Laminin γ-2 Il plasmide di attivazione CRISPR (h) fornisce un approccio mirato e non distruttivo per sovraregolare l'espressione endogena di LAMC2 senza alterare la sequenza di DNA sottostante.
Laminin γ-2 Il plasmide di attivazione CRISPR (h) è un sistema SAM (mediatore di attivazione sinergico) a tre plasmidi progettato per la sovraregolazione trascrizionale altamente efficiente e sito-specifica del locus LAMC2 nelle linee cellulari umane. Il sistema è costruito attorno a una Cas9 cataliticamente inattiva (dCas9) che porta due mutazioni inattivanti (D10A e N863A) che eliminano l'attività nucleasica preservando al contempo il legame con il DNA. Questa dCas9 è fusa con VP64, un potente attivatore trascrizionale, ed è coespressa con un gene di resistenza alla blasticidina per la selezione.

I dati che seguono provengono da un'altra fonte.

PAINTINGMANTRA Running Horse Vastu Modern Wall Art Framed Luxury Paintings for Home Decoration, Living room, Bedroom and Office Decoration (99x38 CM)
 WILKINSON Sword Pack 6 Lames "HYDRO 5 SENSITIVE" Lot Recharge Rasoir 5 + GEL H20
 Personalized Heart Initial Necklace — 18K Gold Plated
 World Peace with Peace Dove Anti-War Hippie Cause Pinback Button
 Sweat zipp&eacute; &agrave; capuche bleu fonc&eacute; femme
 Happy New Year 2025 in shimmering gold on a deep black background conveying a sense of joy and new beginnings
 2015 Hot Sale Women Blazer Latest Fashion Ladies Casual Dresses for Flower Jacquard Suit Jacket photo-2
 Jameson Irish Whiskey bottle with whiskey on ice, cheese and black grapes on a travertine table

Il secondo plasmide codifica la proteina di fusione MS2-p65-HSF1, un complesso attivatore secondario che agisce in sinergia con dCas9-VP64, insieme a un gene di resistenza all'igromicina. Il terzo plasmide codifica un sgRNA specifico per il bersaglio di 20 nt fuso a due aptameri di RNA MS2 che reclutano il complesso MS2-p65-HSF1 nel sito di attivazione, accompagnato da un gene di resistenza alla puromicina. I tre plasmidi vengono somministrati in un rapporto di massa 1:1:1 per un'espressione bilanciata di tutti i componenti del sistema.
Una volta assemblato nel locus bersaglio, il complesso SAM si lega a circa 200 bp a monte del sito di inizio della trascrizione LAMC2, dove VP64, p65 e HSF1 agiscono in modo concertato per reclutare il machinery trascrizionale e guidare la sovraregolazione dell'espressione endogena di Laminin γ-2. A differenza della Cas9 con attività nucleasica, dCas9 non introduce rotture a doppio filamento né modifica la sequenza genomica, preservando il locus LAMC2 nativo e consentendo lo studio delle risposte trascrizionali dipendenti da Laminin γ-2 nel locus endogeno, rendendolo uno strumento prezioso per studi funzionali, l'identificazione di geni bersaglio e la modellizzazione del ripristino della via Laminin γ-2 nelle cellule tumorali con espressione di LAMC2 silenziata o ridotta.
Solo per uso di ricerca. Non destinato a uso diagnostico o terapeutico.